There is a complete agreement when it is 1. In 
general, the ranges [0.81-1.00], [0.61-0.80], [0.41-
0.60], [0.21-0.40] and [0.00-0.20] correspond to 
full, practical, medium, low, and no agreement, 
respectively.  
Therefore, as Table 4 indicates, the results of the 
judging and the paraphrasing using the criterion by 
the three subjects showed that there was substantial 
agreement between subject A and C, and medium 
agreement between A and B, and B and C. 
These results indicate that the method based on 
the criterion, whether used by a single judge or by 
different judges(=subjects) for analysis and 
experiment, enables requests and non-requests to 
be distinguished. Therefore, we can conclude that 
using the criterion enables even untrained people 
to reproduce the extraction of requests. 

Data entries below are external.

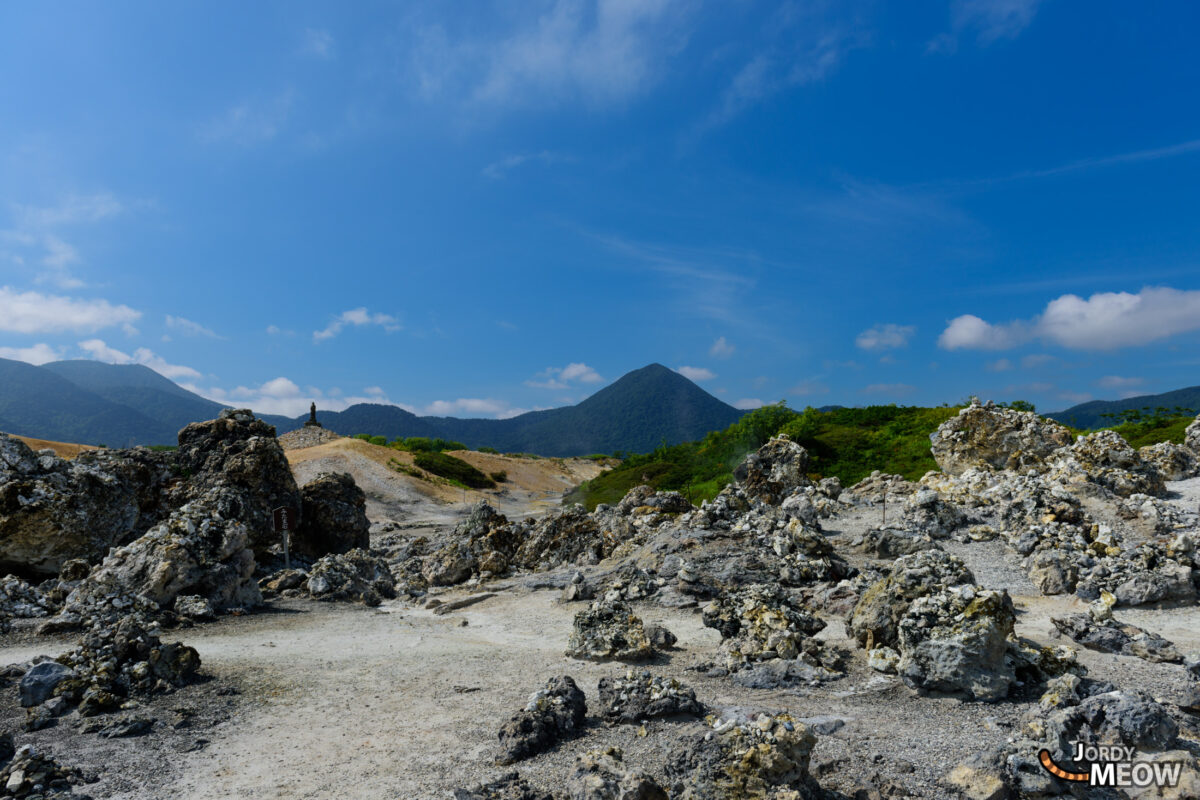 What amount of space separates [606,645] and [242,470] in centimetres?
1945

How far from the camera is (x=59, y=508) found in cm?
1881

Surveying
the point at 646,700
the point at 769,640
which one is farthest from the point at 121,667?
the point at 769,640

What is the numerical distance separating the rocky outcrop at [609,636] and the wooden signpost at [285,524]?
14745mm

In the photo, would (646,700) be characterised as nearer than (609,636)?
Yes

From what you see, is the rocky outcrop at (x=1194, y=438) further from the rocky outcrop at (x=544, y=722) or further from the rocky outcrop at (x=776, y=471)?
the rocky outcrop at (x=544, y=722)

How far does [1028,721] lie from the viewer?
23.9ft

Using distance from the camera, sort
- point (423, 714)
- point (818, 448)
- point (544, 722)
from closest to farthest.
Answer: point (544, 722)
point (423, 714)
point (818, 448)

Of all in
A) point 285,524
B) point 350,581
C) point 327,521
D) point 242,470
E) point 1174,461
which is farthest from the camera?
point 327,521

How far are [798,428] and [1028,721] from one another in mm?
38228

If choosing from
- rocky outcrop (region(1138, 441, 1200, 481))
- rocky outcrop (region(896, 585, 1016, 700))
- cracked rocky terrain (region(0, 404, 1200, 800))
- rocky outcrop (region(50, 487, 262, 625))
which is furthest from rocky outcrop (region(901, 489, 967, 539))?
rocky outcrop (region(50, 487, 262, 625))

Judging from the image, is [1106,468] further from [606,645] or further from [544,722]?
[544,722]

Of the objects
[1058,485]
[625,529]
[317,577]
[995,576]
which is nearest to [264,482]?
[317,577]

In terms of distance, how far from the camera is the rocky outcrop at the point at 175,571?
1457 centimetres

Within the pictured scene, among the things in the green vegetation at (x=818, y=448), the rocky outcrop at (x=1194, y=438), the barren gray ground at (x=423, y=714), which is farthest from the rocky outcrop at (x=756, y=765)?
the rocky outcrop at (x=1194, y=438) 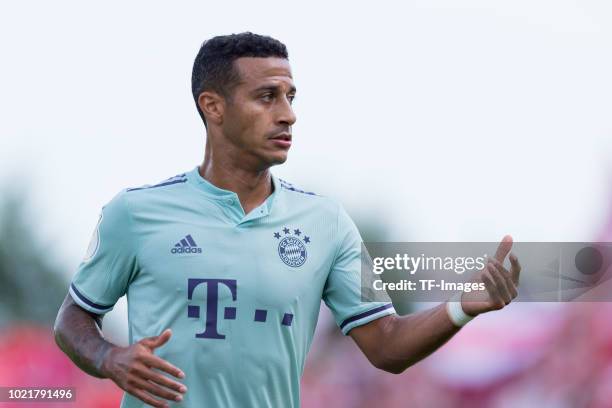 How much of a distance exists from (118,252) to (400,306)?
3.05m

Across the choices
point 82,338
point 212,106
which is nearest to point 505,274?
point 212,106

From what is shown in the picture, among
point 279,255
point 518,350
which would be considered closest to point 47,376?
point 518,350

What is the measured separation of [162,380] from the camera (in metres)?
3.47

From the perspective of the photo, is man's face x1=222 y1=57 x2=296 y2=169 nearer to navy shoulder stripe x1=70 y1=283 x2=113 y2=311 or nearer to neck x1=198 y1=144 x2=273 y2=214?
neck x1=198 y1=144 x2=273 y2=214

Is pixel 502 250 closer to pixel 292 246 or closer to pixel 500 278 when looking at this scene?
pixel 500 278

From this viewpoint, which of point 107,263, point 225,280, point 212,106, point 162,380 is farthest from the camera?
point 212,106

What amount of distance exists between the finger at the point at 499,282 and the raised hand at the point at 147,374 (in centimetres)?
103

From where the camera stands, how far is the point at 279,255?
156 inches

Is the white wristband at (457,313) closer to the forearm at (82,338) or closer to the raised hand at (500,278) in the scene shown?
the raised hand at (500,278)

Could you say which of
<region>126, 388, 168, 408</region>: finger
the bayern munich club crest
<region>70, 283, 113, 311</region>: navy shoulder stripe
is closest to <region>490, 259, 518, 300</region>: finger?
the bayern munich club crest

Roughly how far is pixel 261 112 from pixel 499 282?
1.12m

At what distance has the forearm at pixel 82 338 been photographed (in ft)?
12.3

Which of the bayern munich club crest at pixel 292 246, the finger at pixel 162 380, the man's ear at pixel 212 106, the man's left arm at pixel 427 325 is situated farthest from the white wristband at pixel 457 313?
the man's ear at pixel 212 106

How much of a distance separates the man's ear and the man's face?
0.04 metres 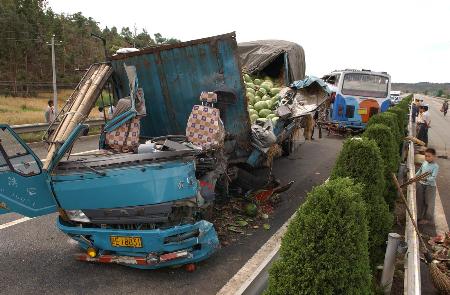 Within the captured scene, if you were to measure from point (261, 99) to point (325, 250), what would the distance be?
6.53 metres

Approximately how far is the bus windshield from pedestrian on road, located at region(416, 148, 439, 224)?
28.5ft

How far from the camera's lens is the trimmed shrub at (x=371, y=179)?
4.83 meters

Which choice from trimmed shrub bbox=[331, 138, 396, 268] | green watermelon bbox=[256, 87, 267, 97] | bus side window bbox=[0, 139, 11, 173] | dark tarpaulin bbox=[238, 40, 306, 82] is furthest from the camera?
dark tarpaulin bbox=[238, 40, 306, 82]

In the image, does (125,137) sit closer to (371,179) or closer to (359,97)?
(371,179)

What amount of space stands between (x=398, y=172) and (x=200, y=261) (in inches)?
206

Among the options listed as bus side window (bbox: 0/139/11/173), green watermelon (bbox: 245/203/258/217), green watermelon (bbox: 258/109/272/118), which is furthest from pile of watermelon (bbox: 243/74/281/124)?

Sentences such as #2 and #3 below are 
examples of sentences that were agreed to be non-
paraphrasable. These include expressions of 
intentions in which the current situation is accepted 
passively such as #2 ”しょうがない (I think that it cannot 
be helped),” or in which the current situation is 
actively accepted such as #3 ” 素晴らしい (are 
wonderful)”. Furthermore, #4 is a sentence that 
begins with a clear statement of reason “ 理由は
(the reason is).” This indicates that a motive for 
requests exists, and that a response formed by 
multiple sentences often composes request-motive 
adjacency in discourse structure.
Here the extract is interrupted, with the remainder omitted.